• **DATA PROVIDED**
[Start of section]
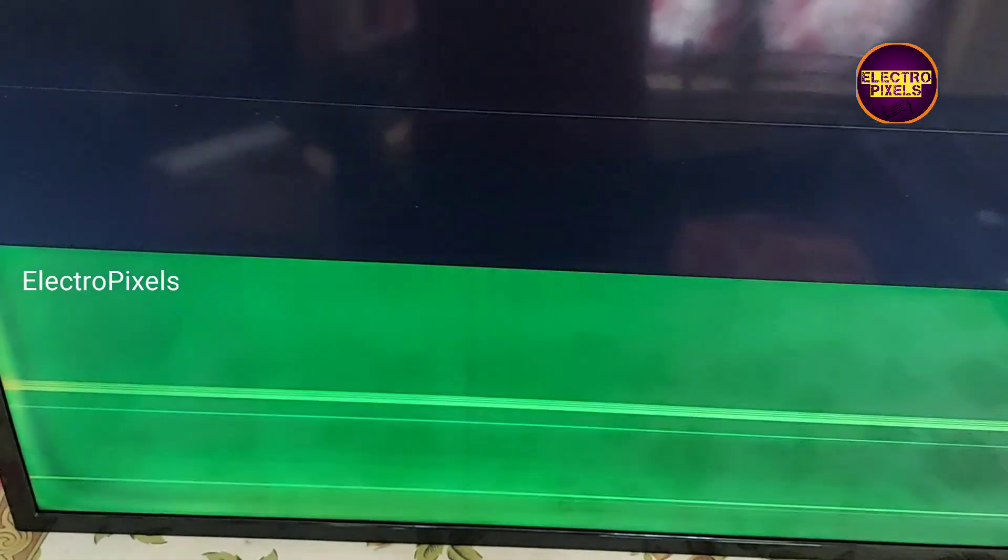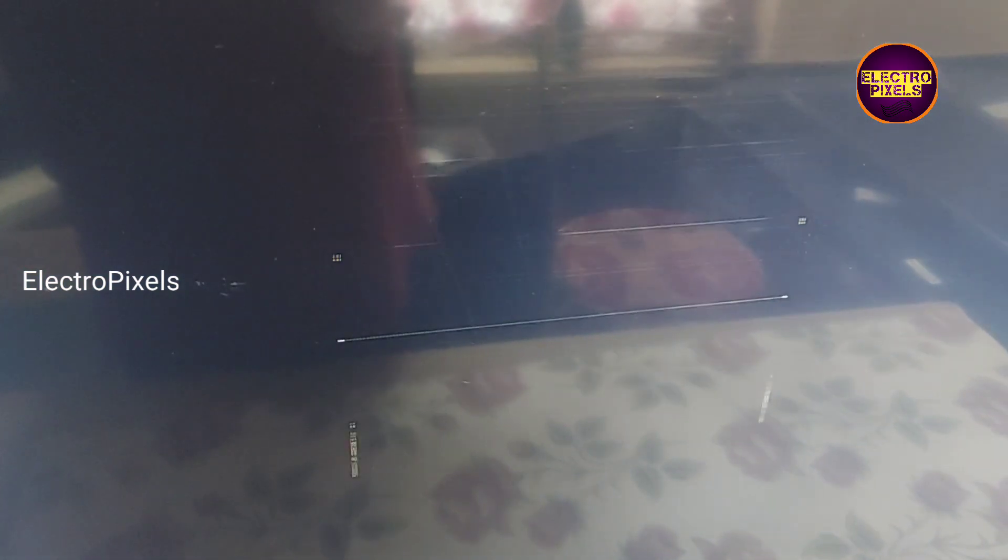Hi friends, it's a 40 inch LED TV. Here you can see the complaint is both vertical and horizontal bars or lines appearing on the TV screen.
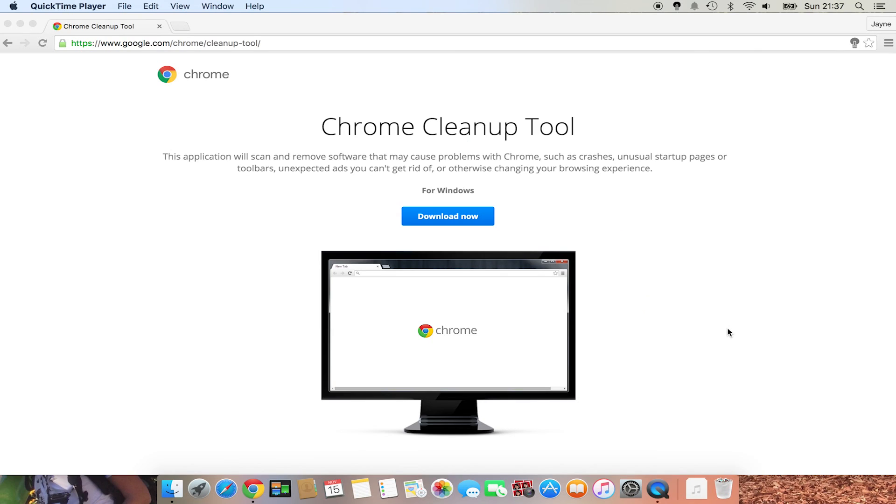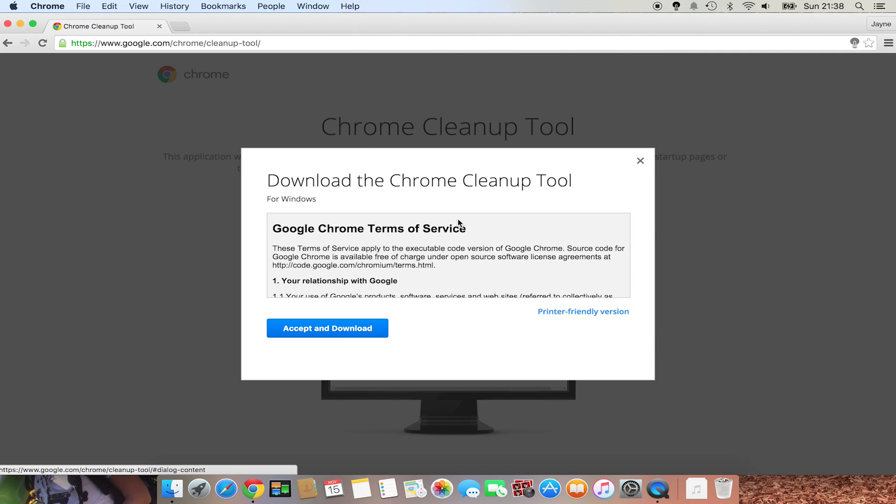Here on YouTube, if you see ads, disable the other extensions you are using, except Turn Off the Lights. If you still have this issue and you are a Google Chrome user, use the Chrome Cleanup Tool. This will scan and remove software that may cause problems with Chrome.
[End of section]
[Start of section]
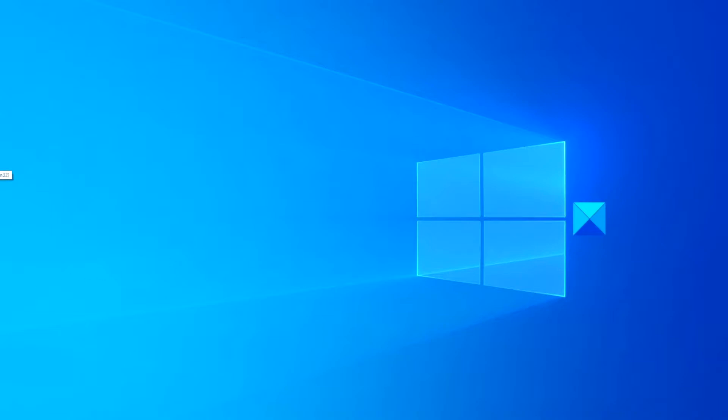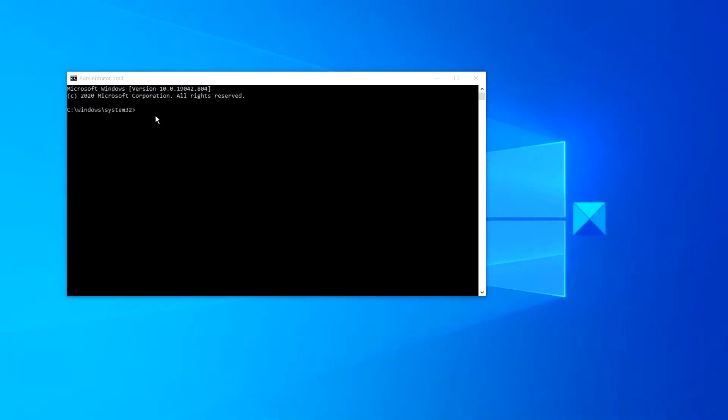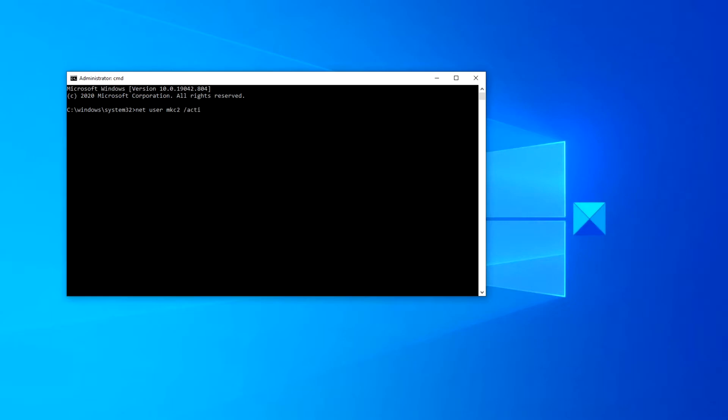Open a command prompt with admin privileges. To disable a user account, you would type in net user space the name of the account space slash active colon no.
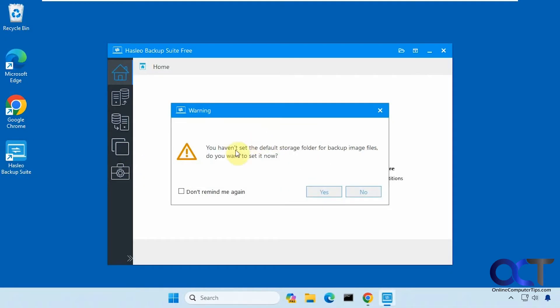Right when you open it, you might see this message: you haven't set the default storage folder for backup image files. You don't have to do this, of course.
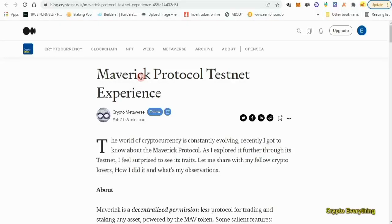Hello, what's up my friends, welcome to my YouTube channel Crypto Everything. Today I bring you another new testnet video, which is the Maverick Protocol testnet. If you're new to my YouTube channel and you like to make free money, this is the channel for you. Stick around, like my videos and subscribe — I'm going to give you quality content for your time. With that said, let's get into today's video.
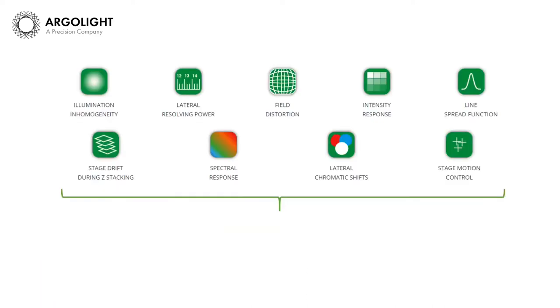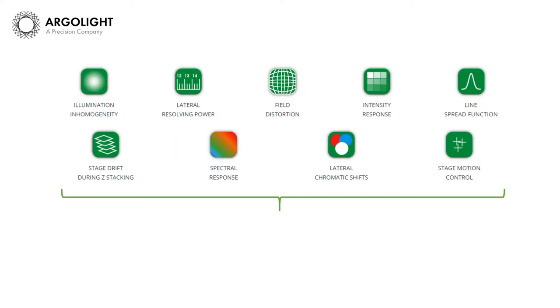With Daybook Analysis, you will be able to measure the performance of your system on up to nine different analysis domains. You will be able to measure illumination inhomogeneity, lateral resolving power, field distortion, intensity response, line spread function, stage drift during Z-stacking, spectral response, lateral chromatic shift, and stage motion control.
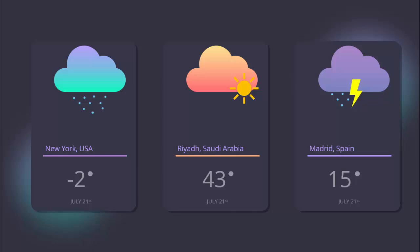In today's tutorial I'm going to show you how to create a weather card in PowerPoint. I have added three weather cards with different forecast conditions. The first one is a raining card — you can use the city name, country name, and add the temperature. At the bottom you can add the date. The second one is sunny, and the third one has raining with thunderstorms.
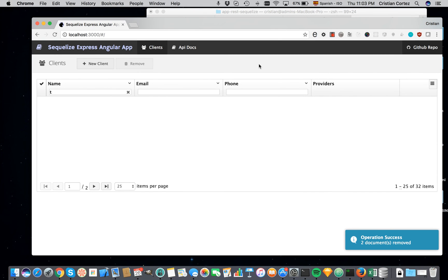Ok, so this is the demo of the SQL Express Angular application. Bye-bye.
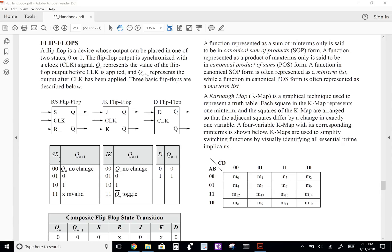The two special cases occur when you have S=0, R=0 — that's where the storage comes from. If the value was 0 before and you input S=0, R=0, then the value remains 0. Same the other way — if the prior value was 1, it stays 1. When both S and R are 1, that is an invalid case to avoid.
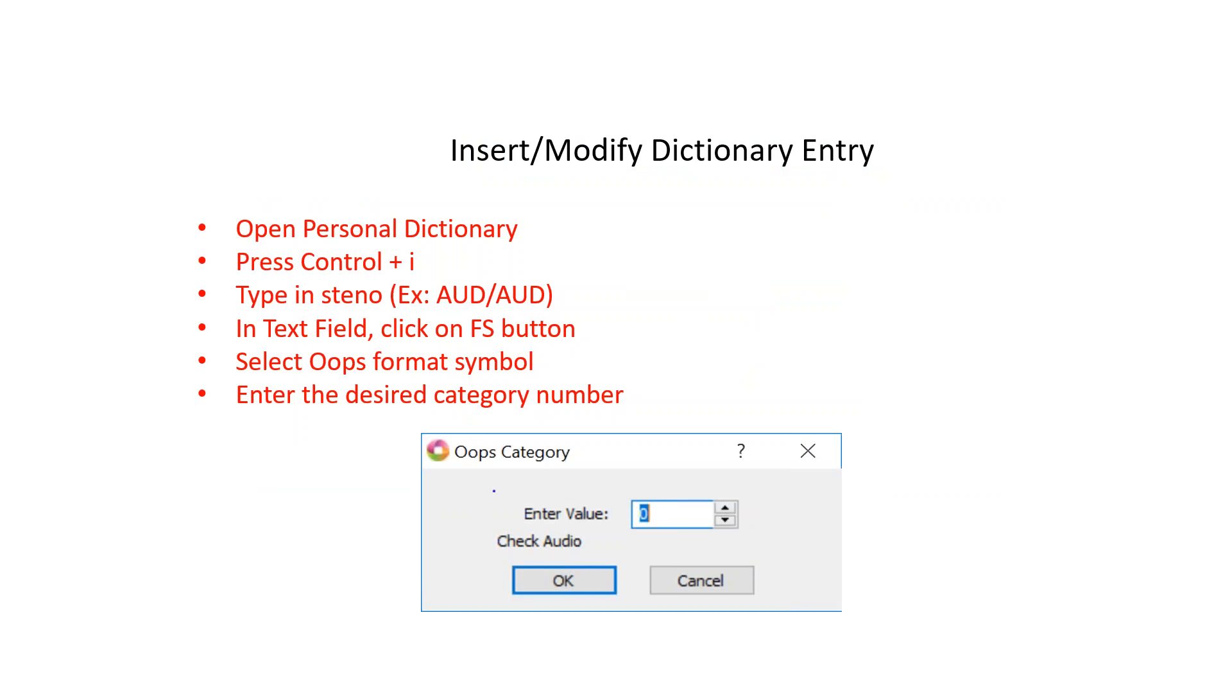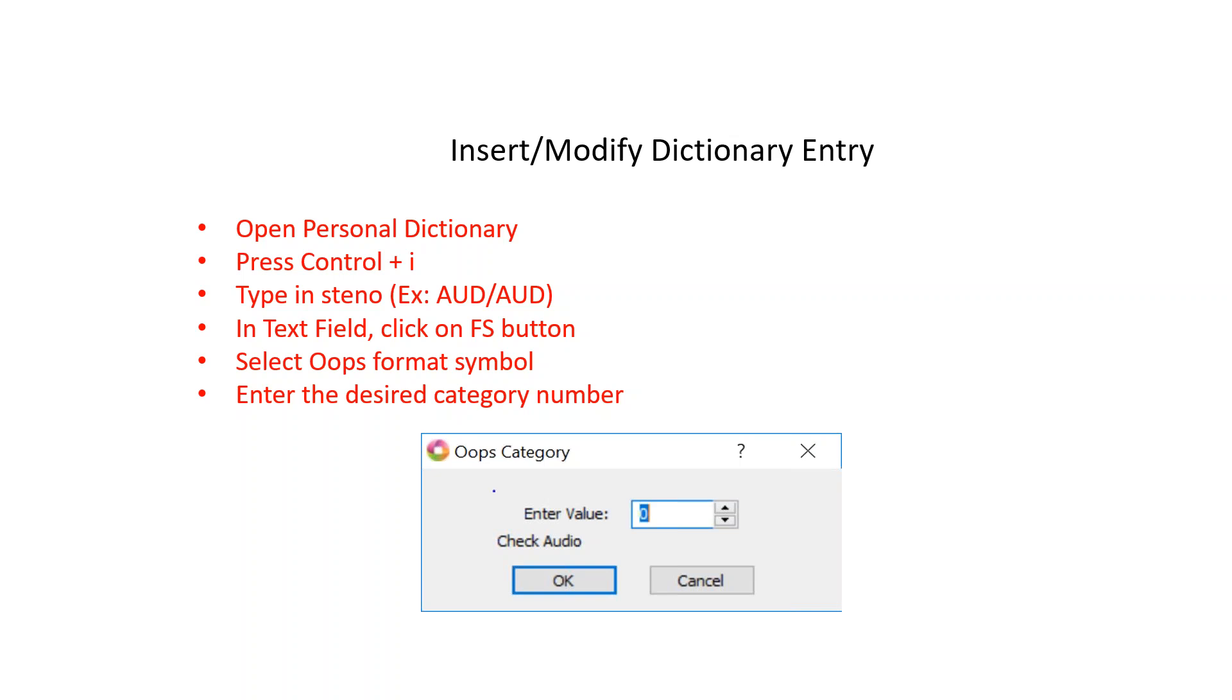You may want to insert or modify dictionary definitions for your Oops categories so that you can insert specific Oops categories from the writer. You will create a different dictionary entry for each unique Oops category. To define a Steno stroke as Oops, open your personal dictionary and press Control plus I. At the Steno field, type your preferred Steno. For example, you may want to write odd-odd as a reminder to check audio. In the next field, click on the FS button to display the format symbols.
[End of section]
[Start of section]
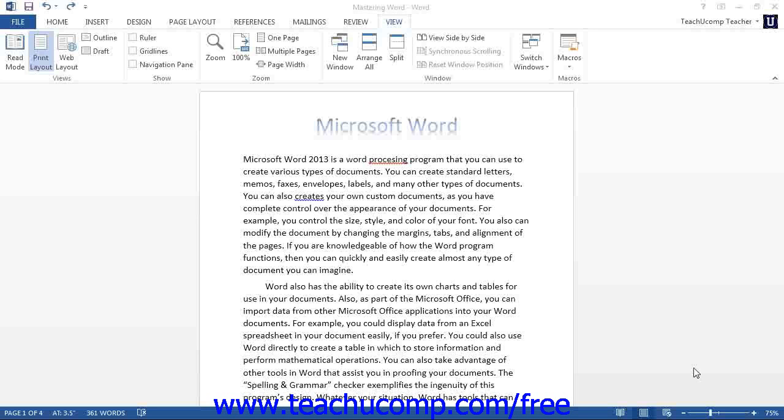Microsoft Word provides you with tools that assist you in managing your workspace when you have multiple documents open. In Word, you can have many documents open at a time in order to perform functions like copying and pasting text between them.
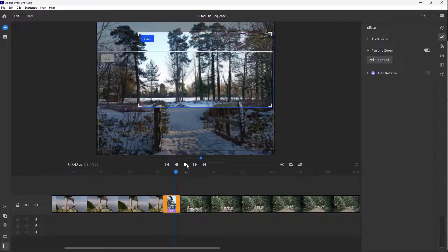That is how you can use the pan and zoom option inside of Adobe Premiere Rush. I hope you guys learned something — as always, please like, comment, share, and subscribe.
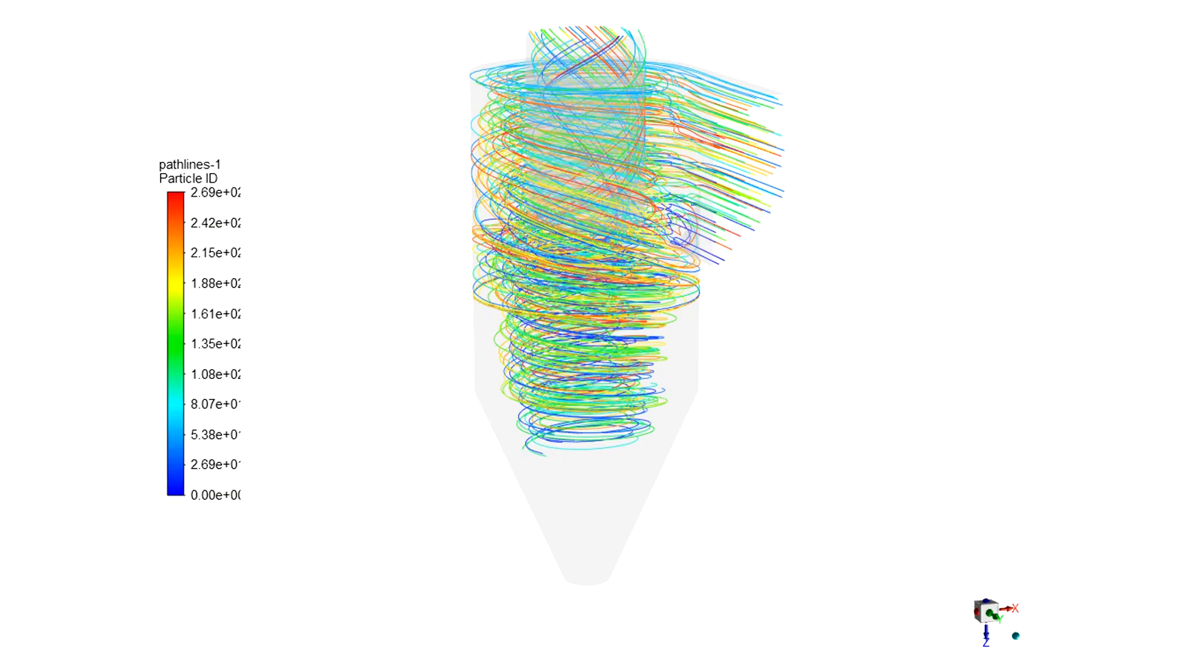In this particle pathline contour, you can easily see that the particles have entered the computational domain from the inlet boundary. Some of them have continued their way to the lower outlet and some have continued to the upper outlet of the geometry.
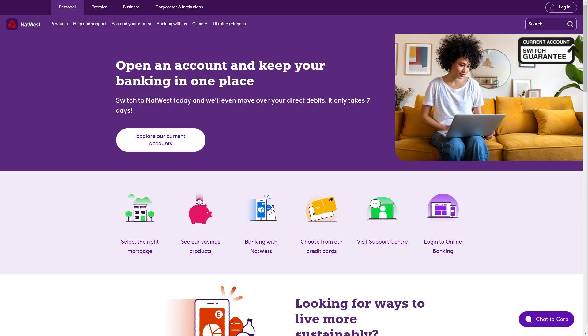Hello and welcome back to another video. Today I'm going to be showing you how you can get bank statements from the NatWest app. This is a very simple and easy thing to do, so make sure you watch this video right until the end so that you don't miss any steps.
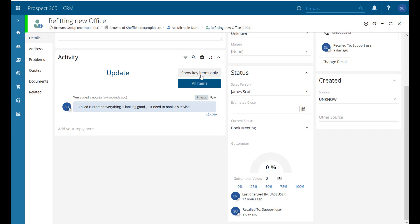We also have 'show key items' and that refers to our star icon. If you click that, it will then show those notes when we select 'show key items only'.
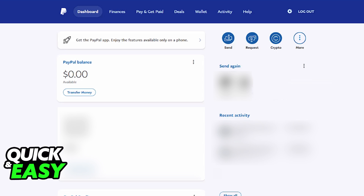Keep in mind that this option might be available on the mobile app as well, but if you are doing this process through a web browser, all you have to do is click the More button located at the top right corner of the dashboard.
[End of section]
• **TASK DIRECTIONS**
Return only the part above that opens with the line containing "In this particle" and closes with the line containing "We also have", exactly and with both ends, skipping the pictures.

• **TASK RESPONSE**
In this particle pathline contour, you can easily see that the particles have entered the computational domain from the inlet boundary. Some of them have continued their way to the lower outlet and some have continued to the upper outlet of the geometry.
Hello and welcome back to another video. Today I'm going to be showing you how you can get bank statements from the NatWest app. This is a very simple and easy thing to do, so make sure you watch this video right until the end so that you don't miss any steps.
We also have 'show key items' and that refers to our star icon. If you click that, it will then show those notes when we select 'show key items only'.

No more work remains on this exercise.